## Task item
For every line below, output the text exactly and leave out images.

## Given material
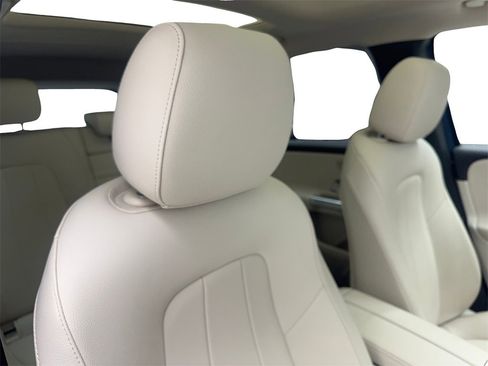 Used 2023 Mercedes-Benz EQB 300 300 w/ Exclusive Package image 45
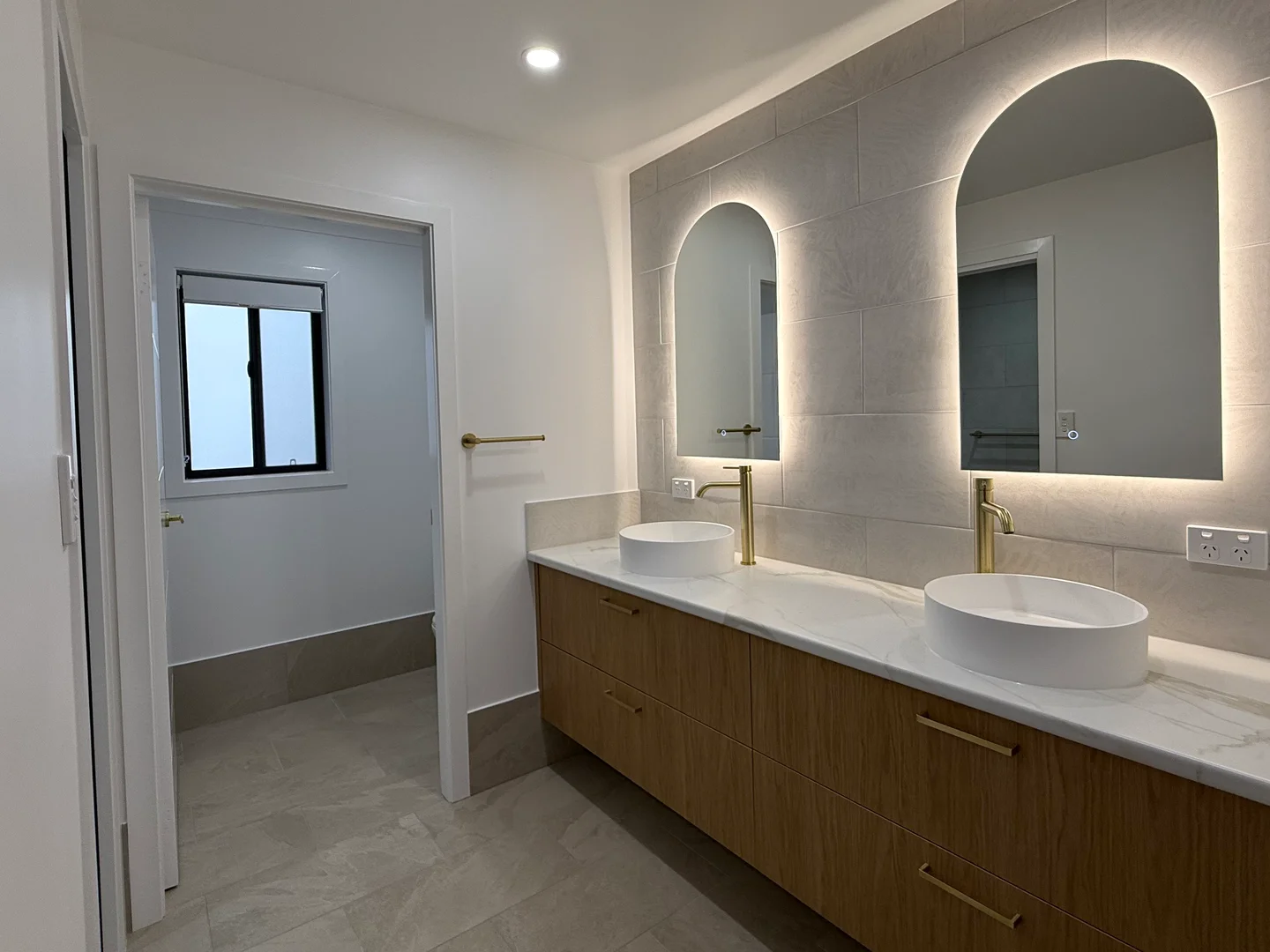 Additional image 9 of 2 Ferrier Court, Casino NSW 2470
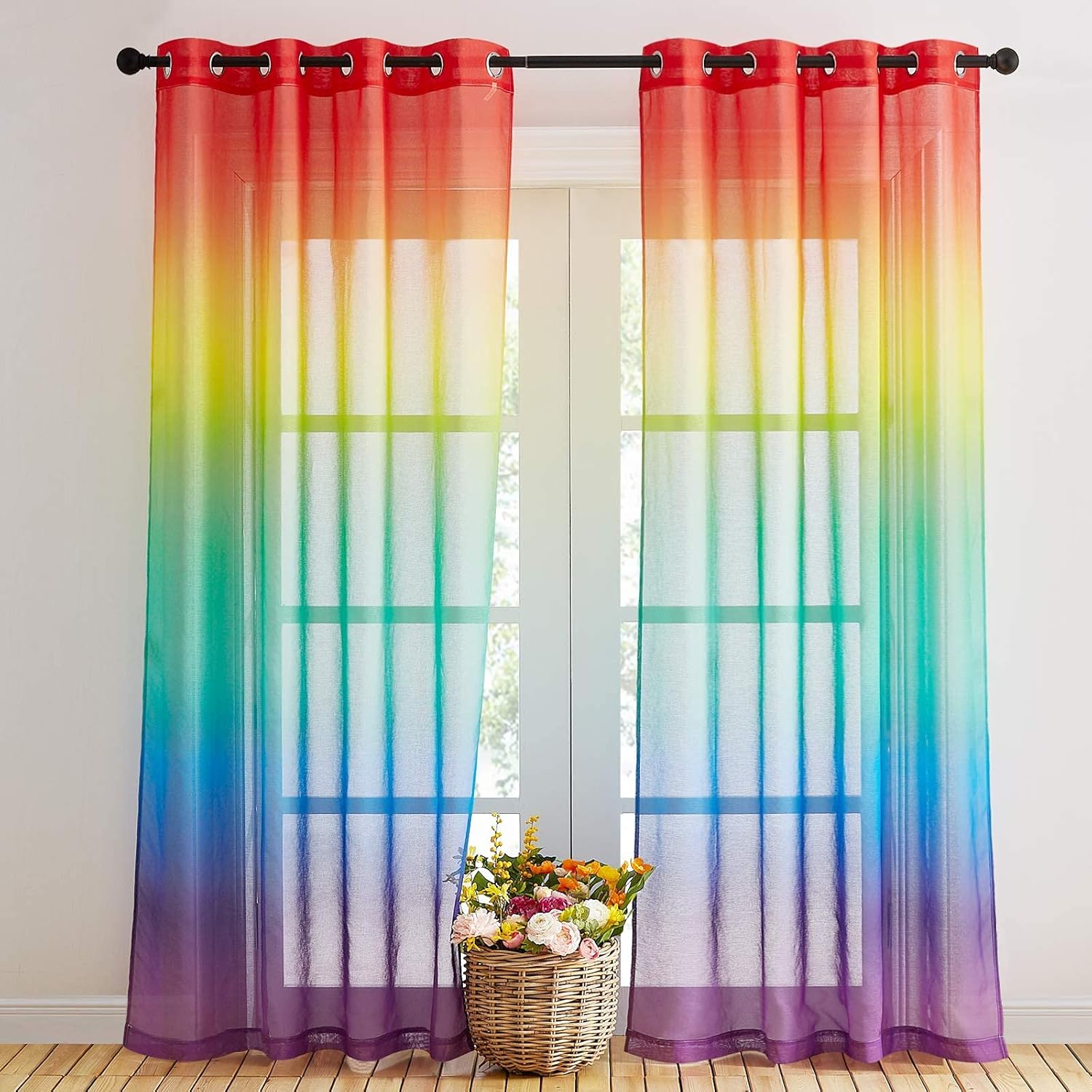 Imagen de B086X13VCV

## Result for this exercise
 Used 2023 Mercedes-Benz EQB 300 300 w/ Exclusive Package image 45
 Additional image 9 of 2 Ferrier Court, Casino NSW 2470
 Imagen de B086X13VCV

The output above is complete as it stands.